“Untersuchungen Zu Dynamischen Neuronalen Netzen [Studies of Dynamic Neural Networks]”, 1991-06-15 (; backlinks):
[GPT-3 translation of German abstract]
Since the seminal article by Williams, Hinton, and Rumelhart [RHW86], backpropagation (BP) has become very popular as a learning method for neural networks with and without feedback. In contrast to many other learning methods for neural networks, BP takes into account the network structure and improves the network on the basis of this knowledge.
Since a very remote past input has to influence the present output, if it is randomly selected, this input is very unlikely to influence the present state of the network. Hence BP algorithms do not detect the fact that this input is responsible for the output desired. Therefore, BP algorithms are very hard to train a network to remember an input until it is needed to produce a later output. Moreover, the public BP algorithms take a very long time to compute.
In many cases, though, one needs an input sequence, as in Mozer [Moz90], which learns to compose music, where musical pieces are repeated and later note pitches are determined by previous note pitches. Steers a vehicle in a labyrinth, and the network obtains the error information only if the vehicle is in a dead end, so back-propagated errors are needed. If a neural network controls a robot that performs a task, perhaps some preparatory tasks are necessary whose performance the system should remember.
In this work, we investigate how to approach the problem of the long learning time associated with network inputs that are used later to control a desired output. This can be done either by means of the network architecture or by using the structure of the input sequences. In Chapter 4, a network is built so that inputs that are received at long delays are considered better than in the usual network architecture. Here, ‘storage nodes’ are introduced, which can carry information about an arbitrarily long time interval. The shortening of the input sequences, while retaining all relevant information, is investigated in Chapter 3. When a shortened input sequence must be recognized within this not so far back into the past, to recognize the relevant inputs. In Chapter 1 the used BP-Learn algorithms are presented, which are then in Chapter 2 analyzed to determine the cause of the long learning time to learn to store past inputs. To the algorithms it should be said that in some cases these were slightly modified to save computational time. The problem of resource acquisition occurring in Chapter 3 and 4 methods is addressed in Chapter 5.
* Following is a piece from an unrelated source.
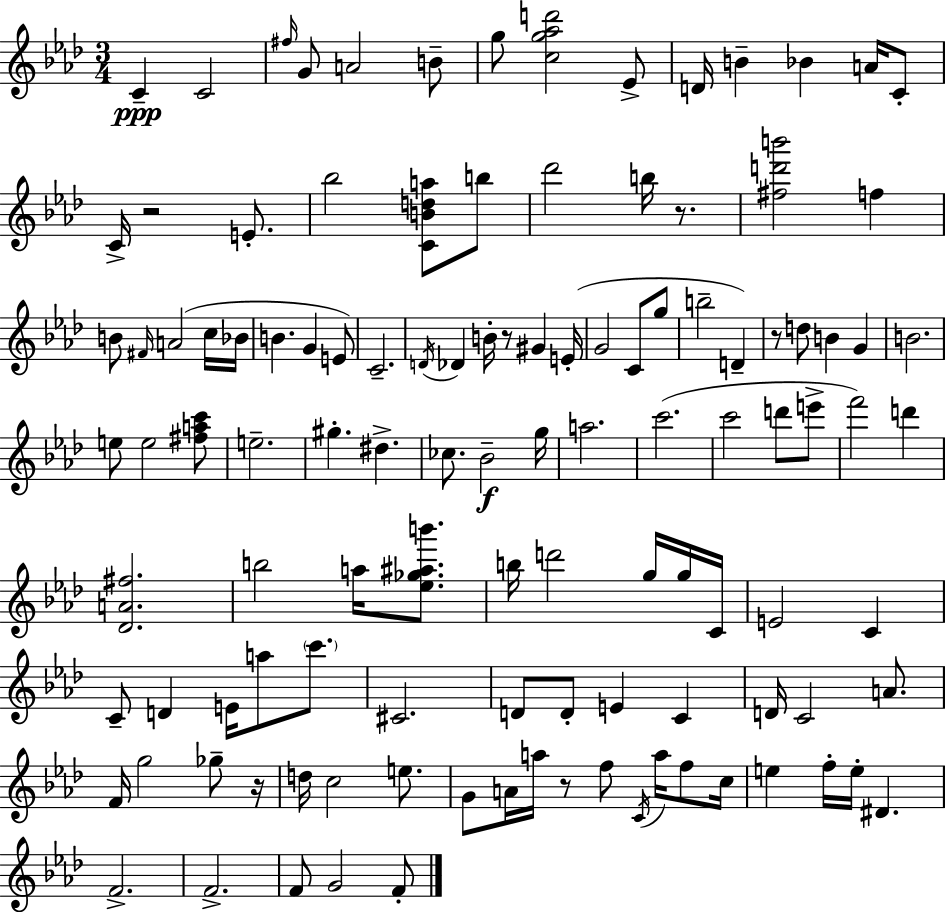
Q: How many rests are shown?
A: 6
The described experiments were performed on Sparc-based SUN stations. Due to time-resource constraints, algorithm comparison tests could not be carried out in the desired extent. There were trials that ran for up to a week on these machines, but other processes with higher priority were also running on these machines.
The definitions and notations in this work are not those commonly used in studies of neural networks, but they are introduced here only for this work. The reason is that there are no uniform, fundamental definitions for neural networks on which other authors would have based their work. Therefore, it is not guaranteed that there are no inconsistencies in the definitions and notations with other works.
These results were not all mathematically proven, as the work does not claim to be a mathematical analysis of neural networks. It is also difficult to find simple mathematical formalisms for neural networks. The work will rather describe ideas and approaches to see if it is possible to get a better grip on the problem of the long learning time for important previous inputs.
Besides the methods described here for learning in non-static environments, there is also the approach of the “Adaptive Critic”, as described in [Sch90a] and [“Recurrent networks adjusted by adaptive critics”]. The approach of “fast weights” by Schmidhuber [Sch91b] founds a storage function, although with a completely different approach than in Chapter 4, where a storage is also constructed.